Teh Devi yang merasa tersindir pun cuma melirik Lisa. Ia tidak bisa protes karena apa yang Lisa katakan itu ada benarnya.
"Terus kamu tolak?"
"Iya." Jawab Lisa dengan entengnya.
"Lah kunaon di tolak? Bukannya dosen itu gajinya gede?"
Lisa menghela napas berat. "Gajinya emang gede, tapi dia perhitungan banget. Masak iya dia yang ngajak makan ke restoran, Eneng yang harus bayar. Alasannya sih karena Eneng ini muridnya. Aneh banget kan?"
"Lah... bagus kalau kamu nolak. Bisa berabe Mamah punya mantu kayak gitu. Percuma banyak uang kalau pelit mah."
"Nah itu makanya aku nolak."
Mamah tersenyum lucu. "Terus kalau di kasih duda anak satu kayak Erkan mau gak?"
"Mau lah." Sambar Lisa. Sontak Mamah pun tertawa lepas mendengar itu. Bahkan Teh Devi juga ikut mesem-mesem mendengar jawaban refleks Lisa.

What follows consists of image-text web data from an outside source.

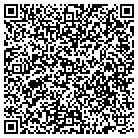 QR code with Light House Christian School contacts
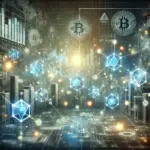 Base Maintains Strong L2 Transaction Growth Through Late 2024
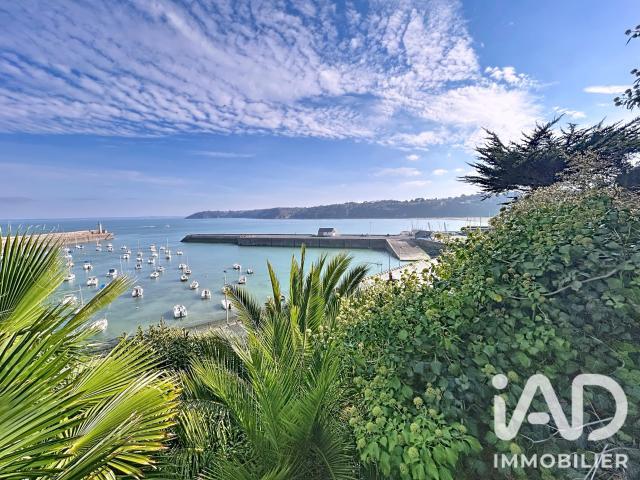 Appartement vente à Saint-Brieuc, Bretagne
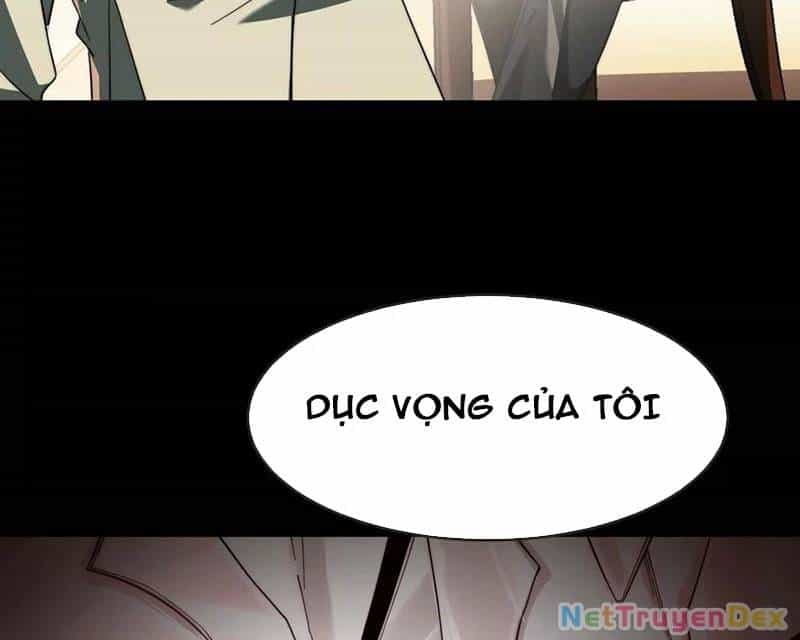 Thần Trò Chơi Dục Vọng - Chương 22 - ảnh 59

"Iihhh... Mamah mah suka mancing."
"Gak papa, Mamah juga setuju kalau punya mantu ganteng kayak Erkan. Mana tajir melintir lagi."
"Huh, mana mungkin Pak Erkan itu mau sama Eneng, Mah. Eneng ini kan cuma anak desa yang baru lulus kuliah. Kalau dilihat-lihat, kayaknya Pak Erkan suka sama tipe cewek sosialita deh."
"Sok tahu kamu mah. Emangnya bisa baca pikiran orang?"
"Enggak juga sih, hehe."
"Ada-ada aja. Udah ah ngobrolnya, kalian cabut semua rumput sampe ujung peger itu ya? Mamah mau ke dalam dulu buat minuman dingin."
"Iya, Mah." Jawab Lisa dan Teh Devi kompak.
"Teh, kapan mau nikah sama si Aa?"
"Gak tau atuh si Aa, teteh mah ikut si Aa aja lah. Gak mungkin kan maksa juga kalau si Aa belum siap."
"Iya sih, tapi kan kalian pacaran udah jalan lima tahun. Gak bosan kelamaan?"
"Kamu tanya aja sama Aa kamu. Dia yang masih ragu buat nikah. Teteh mah siap-siap aja diajak nikah pun."
Lisa tertawa lucu. "Setuju aku sama Teteh, yang penting mas kawinnya yang gede kan Teh? Saya terima nikahnya... dengan mas kawin satu unit mobil alpard, rumah mewah, uang seratus juta dan seperangkat alat solat dibayar tunai. Mantap gak kalau gitu?"
Teh Devi tertawa geli saat mendengar candaan Lisa. "Si Aa mah paling bisa pun ngasih ikan satu empang. Orang kerjanya aja cuma ngurus empang."
Kali ini Lisa yang tertawa kencang. "Ikan satu empang juga gak papa sih, Teh. Kalau di jual sampe juga lima puluh juta. Asal empangnya yang paling gede."
Kedua gadis berbeda usia itu pun tertawa geli karena obrolan yang mereka ciptakan sendiri.